No one here would say don't do it, quite the contrary. I'm thankful every day for Tricare Reserve Select, as my airlines health insurance is a joke. The benefits from being in the Reserve/Guard far outweigh the convenience of getting out completely. There are many guys that make it work out, just realize it is going to take more effort on your part.
I'm saying is that you need to more cognizant of how your life is arranged, organized, how you spend time and where you live, than the average airline guy, because time wasted commuting is a larger deal when you have something else that you need to be doing.
My own personal example.
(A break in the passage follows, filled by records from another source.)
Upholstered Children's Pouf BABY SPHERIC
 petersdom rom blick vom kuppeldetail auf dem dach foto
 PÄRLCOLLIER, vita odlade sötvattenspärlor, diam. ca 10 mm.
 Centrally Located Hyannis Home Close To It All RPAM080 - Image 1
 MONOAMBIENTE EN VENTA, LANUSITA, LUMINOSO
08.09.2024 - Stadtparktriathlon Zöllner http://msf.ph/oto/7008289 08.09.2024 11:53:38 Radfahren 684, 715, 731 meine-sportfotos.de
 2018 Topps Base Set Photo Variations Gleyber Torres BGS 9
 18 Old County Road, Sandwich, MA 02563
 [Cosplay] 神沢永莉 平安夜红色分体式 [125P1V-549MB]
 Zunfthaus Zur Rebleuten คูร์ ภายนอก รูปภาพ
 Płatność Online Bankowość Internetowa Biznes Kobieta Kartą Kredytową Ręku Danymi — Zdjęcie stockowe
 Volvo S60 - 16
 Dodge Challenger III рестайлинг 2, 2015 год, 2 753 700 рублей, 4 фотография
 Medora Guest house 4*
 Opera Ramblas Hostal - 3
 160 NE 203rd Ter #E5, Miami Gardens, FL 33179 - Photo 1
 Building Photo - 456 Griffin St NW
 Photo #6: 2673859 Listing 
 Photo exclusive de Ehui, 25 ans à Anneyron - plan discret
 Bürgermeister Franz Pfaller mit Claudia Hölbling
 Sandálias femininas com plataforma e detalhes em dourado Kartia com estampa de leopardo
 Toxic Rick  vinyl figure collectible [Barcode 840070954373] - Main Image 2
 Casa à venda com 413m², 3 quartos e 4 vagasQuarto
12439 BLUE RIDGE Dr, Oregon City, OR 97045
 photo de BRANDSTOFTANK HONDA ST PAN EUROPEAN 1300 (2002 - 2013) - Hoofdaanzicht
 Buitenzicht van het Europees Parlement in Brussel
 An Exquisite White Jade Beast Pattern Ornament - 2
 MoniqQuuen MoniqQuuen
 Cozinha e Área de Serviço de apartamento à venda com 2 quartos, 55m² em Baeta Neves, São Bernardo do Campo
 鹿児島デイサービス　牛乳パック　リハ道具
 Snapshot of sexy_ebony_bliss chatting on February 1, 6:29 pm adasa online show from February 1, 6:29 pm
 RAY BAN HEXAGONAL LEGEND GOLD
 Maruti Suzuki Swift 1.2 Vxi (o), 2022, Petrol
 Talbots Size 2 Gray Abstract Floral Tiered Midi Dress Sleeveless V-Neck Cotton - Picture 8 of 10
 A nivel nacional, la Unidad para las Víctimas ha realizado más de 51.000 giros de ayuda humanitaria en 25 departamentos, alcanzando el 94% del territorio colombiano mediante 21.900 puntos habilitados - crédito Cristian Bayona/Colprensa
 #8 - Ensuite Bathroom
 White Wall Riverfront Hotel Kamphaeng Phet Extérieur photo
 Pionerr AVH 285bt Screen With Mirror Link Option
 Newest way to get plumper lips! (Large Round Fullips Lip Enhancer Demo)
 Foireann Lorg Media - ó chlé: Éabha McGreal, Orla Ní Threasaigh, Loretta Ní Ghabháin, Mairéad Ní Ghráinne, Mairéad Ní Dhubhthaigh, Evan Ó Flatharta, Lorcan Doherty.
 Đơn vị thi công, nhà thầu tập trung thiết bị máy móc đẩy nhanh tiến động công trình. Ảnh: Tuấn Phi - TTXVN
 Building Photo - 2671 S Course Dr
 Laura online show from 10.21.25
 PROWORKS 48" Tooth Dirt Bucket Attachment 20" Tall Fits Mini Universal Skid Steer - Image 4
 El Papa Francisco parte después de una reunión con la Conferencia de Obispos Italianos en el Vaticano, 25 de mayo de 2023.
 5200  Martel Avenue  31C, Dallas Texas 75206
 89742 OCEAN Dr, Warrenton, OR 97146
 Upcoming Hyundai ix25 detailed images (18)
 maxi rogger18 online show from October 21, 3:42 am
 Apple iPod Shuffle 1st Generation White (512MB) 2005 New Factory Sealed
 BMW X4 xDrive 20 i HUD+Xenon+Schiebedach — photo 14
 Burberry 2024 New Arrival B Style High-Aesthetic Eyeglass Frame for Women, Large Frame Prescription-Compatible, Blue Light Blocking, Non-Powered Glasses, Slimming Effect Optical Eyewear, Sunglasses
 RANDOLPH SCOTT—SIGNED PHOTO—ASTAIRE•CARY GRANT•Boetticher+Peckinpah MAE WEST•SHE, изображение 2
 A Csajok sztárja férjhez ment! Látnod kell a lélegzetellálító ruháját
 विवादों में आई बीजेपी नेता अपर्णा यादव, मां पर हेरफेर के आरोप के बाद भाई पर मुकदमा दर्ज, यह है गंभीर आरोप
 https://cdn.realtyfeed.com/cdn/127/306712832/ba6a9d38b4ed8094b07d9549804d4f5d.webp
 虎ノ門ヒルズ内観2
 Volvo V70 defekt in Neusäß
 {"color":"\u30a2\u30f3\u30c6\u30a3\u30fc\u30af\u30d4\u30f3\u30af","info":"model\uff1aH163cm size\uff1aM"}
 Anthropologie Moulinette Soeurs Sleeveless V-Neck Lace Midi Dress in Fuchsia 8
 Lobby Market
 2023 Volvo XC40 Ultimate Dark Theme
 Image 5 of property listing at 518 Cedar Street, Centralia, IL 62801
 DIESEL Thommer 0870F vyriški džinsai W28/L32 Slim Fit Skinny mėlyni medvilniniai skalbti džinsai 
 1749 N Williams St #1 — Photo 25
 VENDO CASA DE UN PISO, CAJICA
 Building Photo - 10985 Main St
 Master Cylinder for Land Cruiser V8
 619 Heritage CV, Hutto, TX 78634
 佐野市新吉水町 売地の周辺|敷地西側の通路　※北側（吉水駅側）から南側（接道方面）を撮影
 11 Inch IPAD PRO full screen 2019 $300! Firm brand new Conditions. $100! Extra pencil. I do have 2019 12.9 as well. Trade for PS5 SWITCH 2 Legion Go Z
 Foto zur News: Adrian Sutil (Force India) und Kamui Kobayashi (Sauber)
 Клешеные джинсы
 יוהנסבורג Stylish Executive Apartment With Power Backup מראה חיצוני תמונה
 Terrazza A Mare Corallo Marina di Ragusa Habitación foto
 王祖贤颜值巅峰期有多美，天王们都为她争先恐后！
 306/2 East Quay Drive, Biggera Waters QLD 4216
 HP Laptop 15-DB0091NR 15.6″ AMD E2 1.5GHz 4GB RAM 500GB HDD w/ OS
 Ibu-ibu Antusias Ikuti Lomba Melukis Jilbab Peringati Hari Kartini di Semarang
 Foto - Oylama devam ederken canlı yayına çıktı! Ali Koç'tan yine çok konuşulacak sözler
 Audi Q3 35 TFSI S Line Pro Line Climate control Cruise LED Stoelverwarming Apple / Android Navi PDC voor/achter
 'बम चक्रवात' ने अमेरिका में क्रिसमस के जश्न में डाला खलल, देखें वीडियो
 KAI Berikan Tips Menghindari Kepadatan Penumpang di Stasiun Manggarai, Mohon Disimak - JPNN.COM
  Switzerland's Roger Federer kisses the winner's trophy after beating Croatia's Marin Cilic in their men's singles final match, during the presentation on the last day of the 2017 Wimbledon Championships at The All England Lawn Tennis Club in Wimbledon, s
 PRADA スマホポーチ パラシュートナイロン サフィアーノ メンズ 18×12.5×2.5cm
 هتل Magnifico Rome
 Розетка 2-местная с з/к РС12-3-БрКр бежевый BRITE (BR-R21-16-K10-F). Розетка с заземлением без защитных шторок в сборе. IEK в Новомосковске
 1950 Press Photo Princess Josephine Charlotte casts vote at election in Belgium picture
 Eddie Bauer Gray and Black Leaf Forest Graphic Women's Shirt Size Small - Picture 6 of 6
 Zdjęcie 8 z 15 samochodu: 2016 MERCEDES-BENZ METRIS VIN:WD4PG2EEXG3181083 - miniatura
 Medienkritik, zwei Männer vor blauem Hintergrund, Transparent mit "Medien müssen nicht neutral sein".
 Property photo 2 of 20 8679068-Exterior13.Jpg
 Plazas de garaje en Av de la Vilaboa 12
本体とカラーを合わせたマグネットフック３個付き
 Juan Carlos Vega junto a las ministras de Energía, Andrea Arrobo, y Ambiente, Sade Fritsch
I am young, single and value having my weekends off as that is when my friends are off and that is when there are the most opportunities to socialize/have fun/blow steam off, which is important to me because being an airline pilot at a large regional is a decently isolating life. Of course due to the guard I am already down one weekend a month just for UTA. So now that I am senior enough to hold weekends off at the airline I would bid to fly M to Thur or Tues to Fri. If I had to do something for the military during the week I would schedule it for Mon, Tues or Thur, Fri, and simply deadhead to or from the hub to catch up with or get off a trip. This way I still ensure some quality time at home.
My last military chief pilot suggested I fly for the airline Fri to Mon and do guard Tues - Thurs, I declined that advice, it has taken me 3 years to get to upgrade at the airline instead of 1.5 years, because I do drop ~ 25 to 40 percent of my flying depending on the month, but I in no way regret choosing to try and have some semblance of normalcy in my life inasmuch as that I actually get to spend time with the girlfriend, friends and family vice texting them from the Hampton Inn Des Moines Airport (ie wherever) on a Saturday night wishing I was home, especially considering that 4 out of 22 months are spent overseas on deployment.
Life is too short to not attempt to balance, keep it sane and you'll be fine.